ジャガイモ


 「ひさしぶりです」
 「ひさしぶりさね」
 「この冬、全然姿見えなかったですよ」
 「朝起きるのがおそかったからね」
 「夜が明けるのがおそかったからですね」
 「今は、4時50分ごろ明るくなってきたからね。明るくなったら起きるで」
 「太陽に合わせた生活ですね。そうそう、シモン芋って知ってます?」
 「いや、知らんね」
 「ブラジル原産の芋でね。健康にいいらしいですよ。最近もらいましてね」
 「そうかね。知らないね。ジャガイモを主食にしている人は長生きするだよ」
 「ドイツはジャガイモが主食ですね」
 「ドイツ人の長生きの最高は140歳を超えていたね」
 「ジャガイモはいいですね。

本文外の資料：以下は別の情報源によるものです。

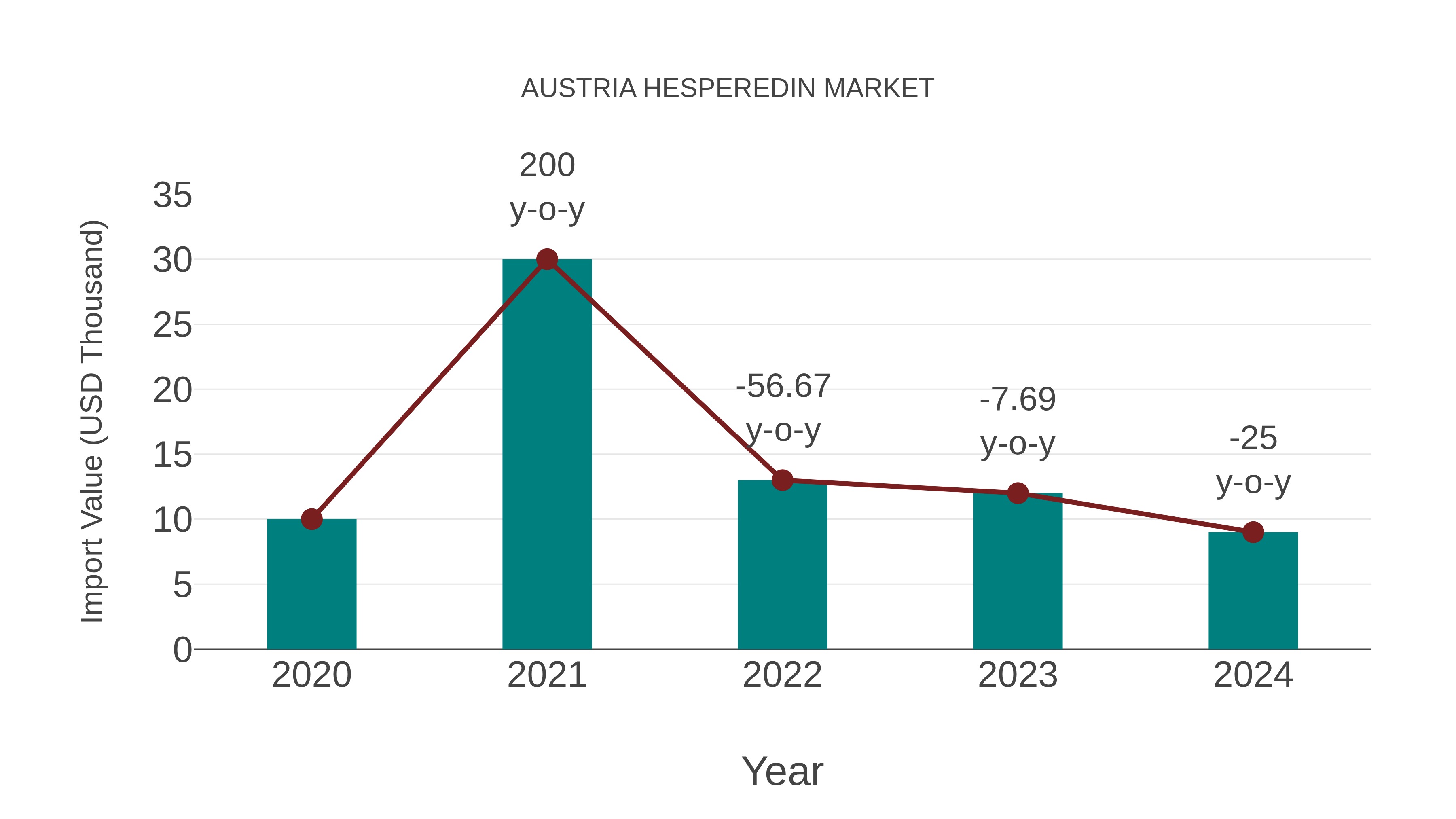  Austria Hesperedin Market: Import Trend Analysis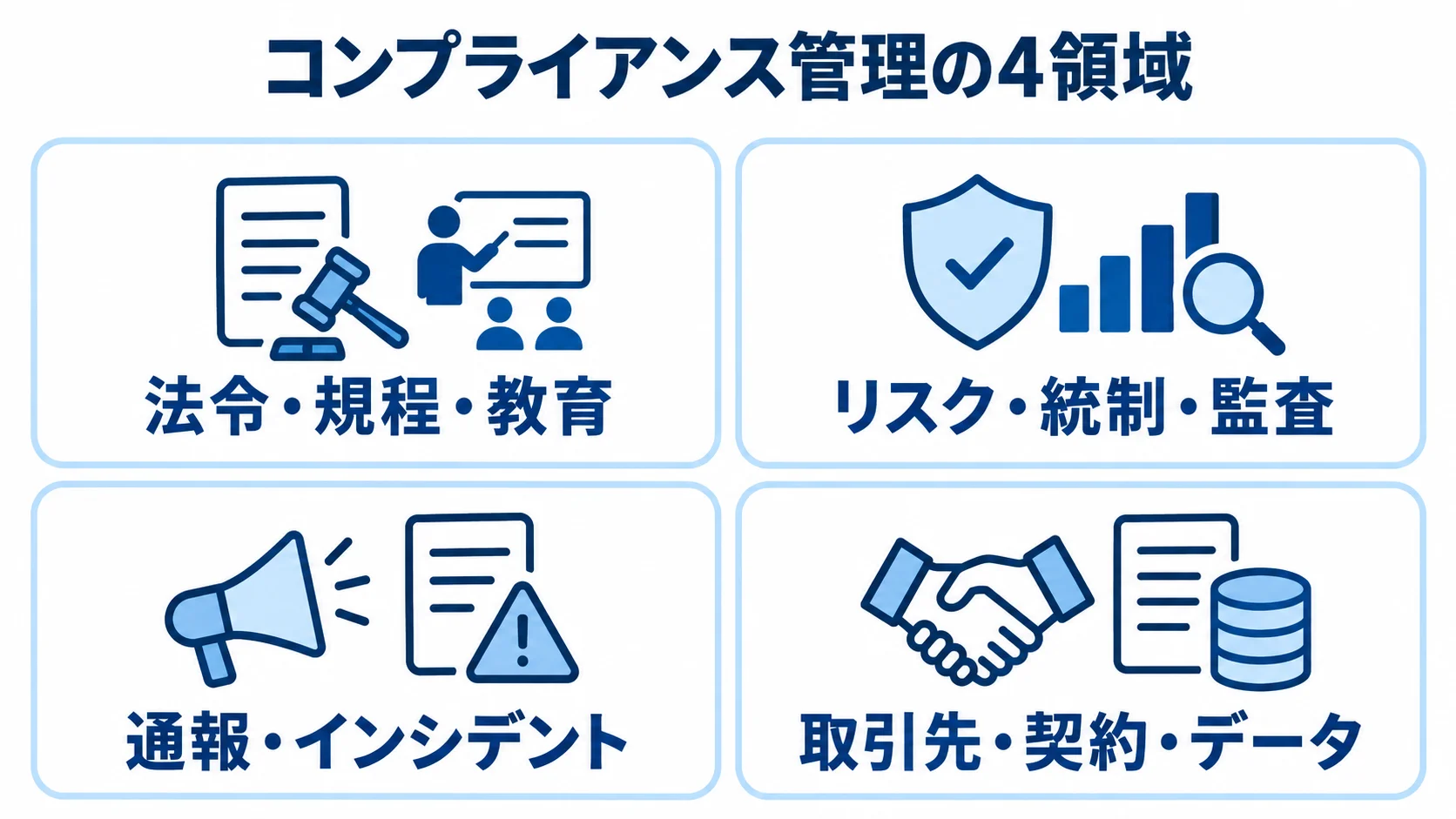 コンプライアンス管理システムで扱う4領域を示した図 コンプライアンス管理の対象を4領域に分けた図解。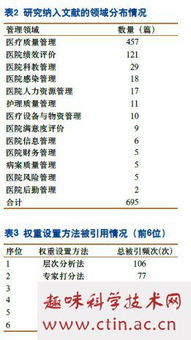 系統(tǒng)的評(píng)價(jià)方法有哪些方法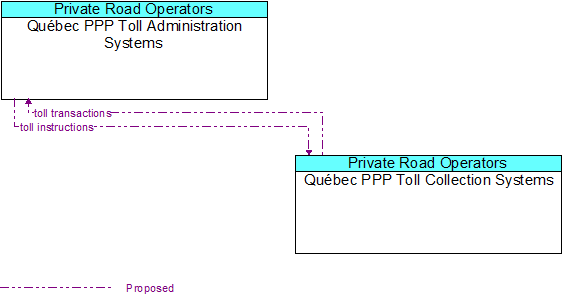 Québec PPP Toll Administration Systems to Québec PPP Toll Collection Systems Interface Diagram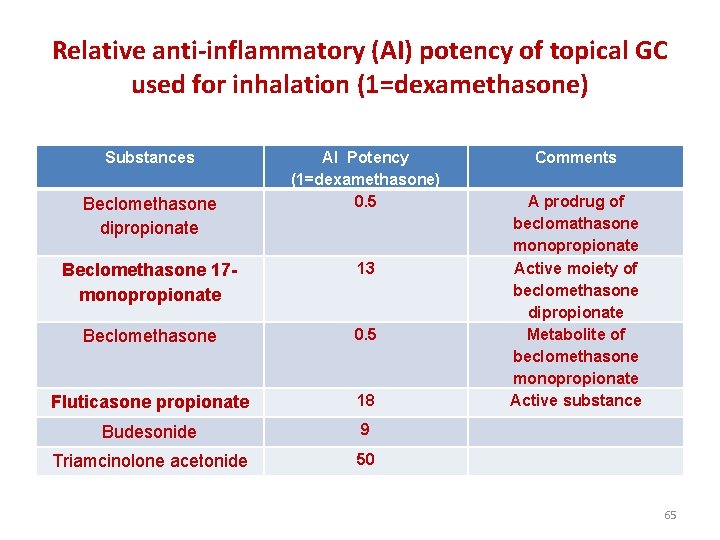 Relative anti-inflammatory (AI) potency of topical GC used for inhalation (1=dexamethasone) Substances AI Potency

まんずおいしい」
 「私はジャガイモはもう植えたよ」
 「そうですか、私はまだ。今日植えます」
 カカシのおっちゃんとの朝の会話。おっちゃんは農業のかたわら元町役場の職員だった。いや、その逆かな、元町役場の職員のかたわら農業をやっていた。今は農業一本。あちこちにカカシを立てまくっている。ヘルメットをかぶった元全共闘のカカシもある。
 今年買った種芋の種類は「男爵」と「きたあかり」。一昨日、大きい種芋は包丁で二つに切って灰をまぶして置いてある。植える畝には元肥えに発酵鶏糞を入れた。今日は一日、ジャガイモ植えだった。畝の真ん中に深い溝を掘り、そこに施肥する。肥料の上に土をかぶせ、芋を25センチ間隔で置いていって、20センチほど土をかぶせる。植えていたら、一羽のカラスが2メートルほど離れたところに来て、見守っている。虫かカエルかが出てくるのを待っているのだろう。
 昨年採れたジャガイモ、今は芽がにょきっと出ている。芽をとって、皮付きまるごとふかして、朝食に小さなのを2個食べる。このふかしジャガイモ、素朴でおいしい。
 例のドイツ文学者・小塩節が「ドイツに学ぶ自立的人間のしつけ」(あすなろ書房)で、こんなことを書いていた。

 <ドイツのジャガイモはべとつかない品種で、実に多様なジャガイモ料理は、正直言って日本で想像するよりはるかにおいしい。丸のままゆでて肉や魚に添えたり、皮ごとオーヴンで焼くのもいいが、ドイツ人が好きなのは、いったんゆでたものを薄くスライスし、フライパンでバターでいためた「ブラート・カルトッフェルン」というものだ。キツネ色にわずかに焦げ目のついたものは、それこそほっぺたが落ちそうにうまい。サツマイモはない。>

 今年は去年以上にジャガイモがたくさん採れそうだ。植えた種芋の数がこれまででいちばん多い。
 今日夕方、初ツバメを見た。

 暖気にだまされて初ツバメ到来。気温は夕方から低下。ツバメ君、早く来すぎましたぞよ。